Accelerating the switching of logical units by anisotropy driven magnetization dynamics

TL;DR

This paper investigates the magnetization reversal dynamics of small Co clusters on Cu(111) surfaces under external magnetic fields, revealing complex, anisotropy-driven switching behavior with potential experimental applications.

Contribution

It demonstrates the non-monotonous dependence of switching times on magnetic field strength due to complex anisotropy landscapes in low-dimensional systems.

Findings

Switching times range from tenths of picoseconds to nanoseconds.

Non-monotonous relationship between field strength and switching time.

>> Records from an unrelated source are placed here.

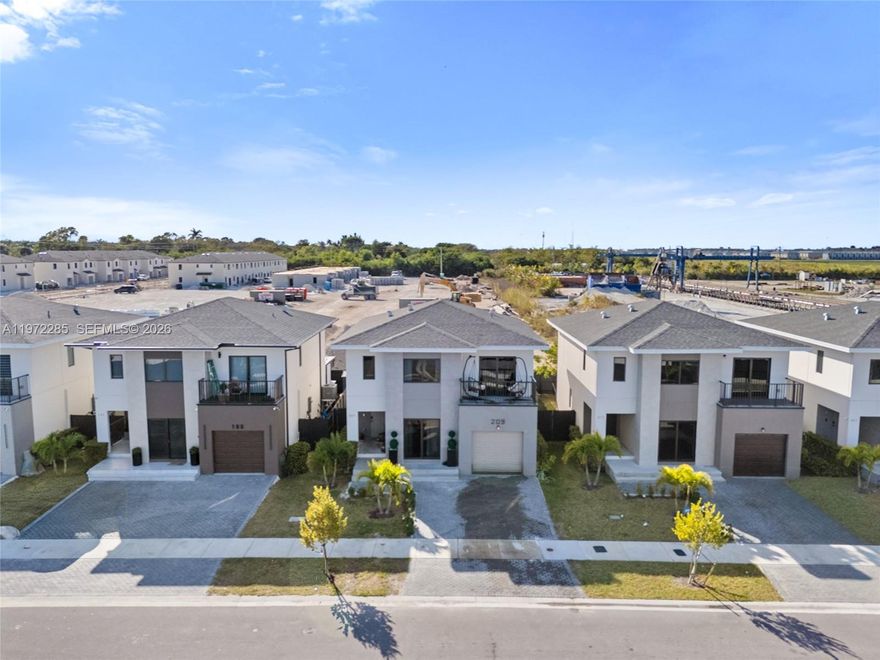 Brand-new construction offering 5 bedrooms and 4 full bathrooms with a spacious garage and modern design throughout. This home features all-new roof, plumbing, electrical, HVAC, impact windows, and high-quality finishes. Open-concept layout with generous living areas, a beautifully designed kitchen, and ample natural light. Move-in ready with everything thoughtfully built from the ground up. No updates needed — just bring your furniture and enjoy.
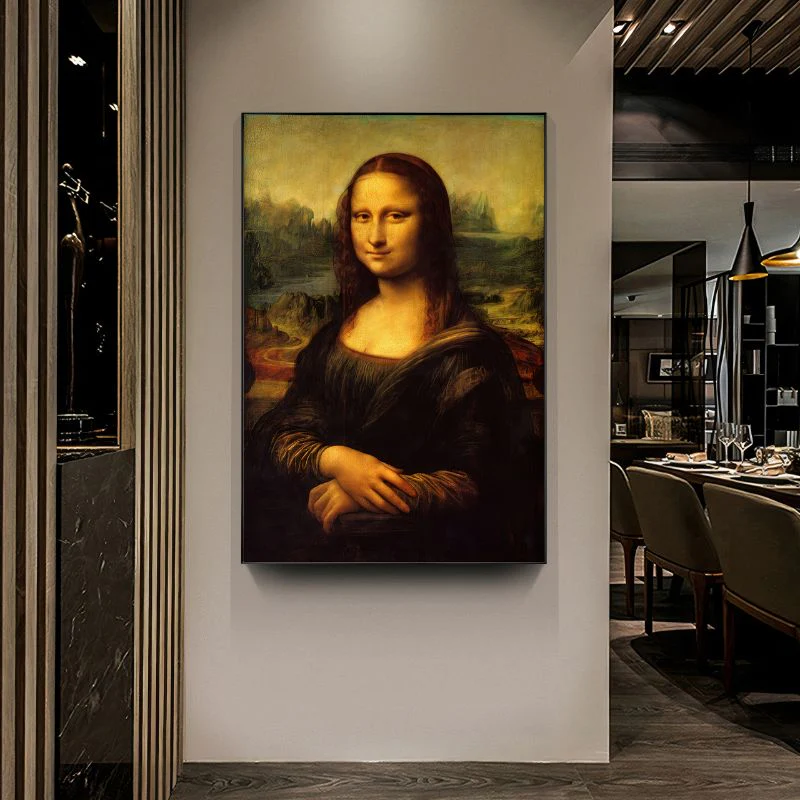 Tableau La Joconde Mona Lisa - Léonard de Vinci – Image 4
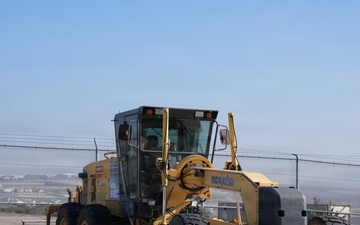 Border Patrol Vehicles at repair facility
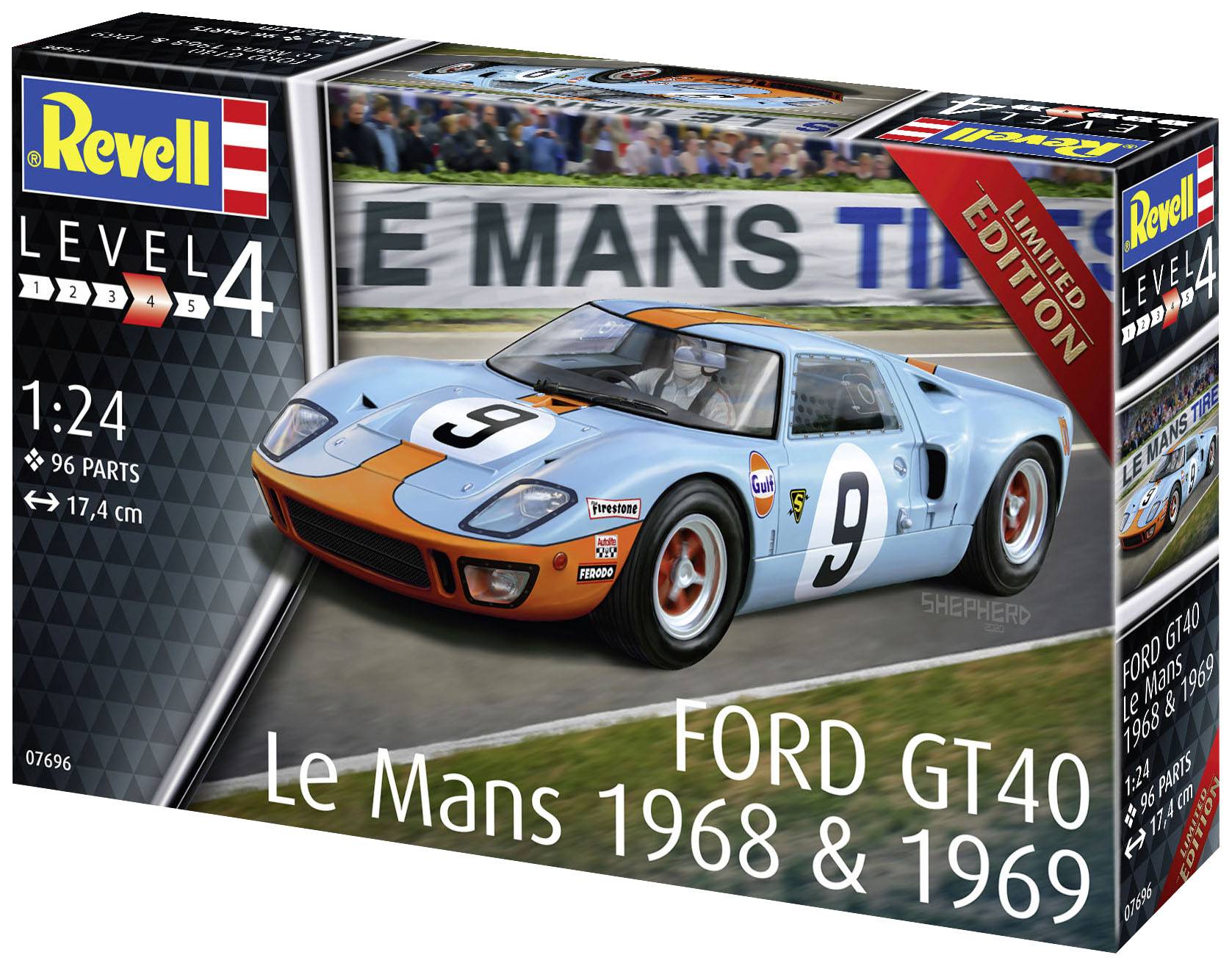 Revell RV 1:24 Ford GT 40 Le Mans 1968 1:24 Modellauto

Stable behavior observed around 10 K temperature.

Abstract

In this work the magnetization dynamics of clusters supported on non-magnetic substrates is shown to exhibit an unprecedented complex response when subjected to external magnetic fields. The field-driven magnetization reversal of small Co clusters deposited on a Cu(111) surface has been studied by means of first-principles calculations and atomistic spin dynamics simulations. For applied fields ranging from 1 Tesla to 10 Tesla, we observe a coherent magnetization reversal with switching times in the range of several tenths of picoseconds to several nanoseconds, depending on the field strength. We find a non-monotonous dependence of the switching times with respect to the strength of the applied field, which we prove to have its origin in the complex magnetic anisotropy landscape of these low dimensional systems. This effect is shown to be stable for temperatures around 10 K, and is possible to realize over a range of exchange interactions and anisotropy landscapes. Possible experimental routes to achieve this unique switching behaviour are discussed.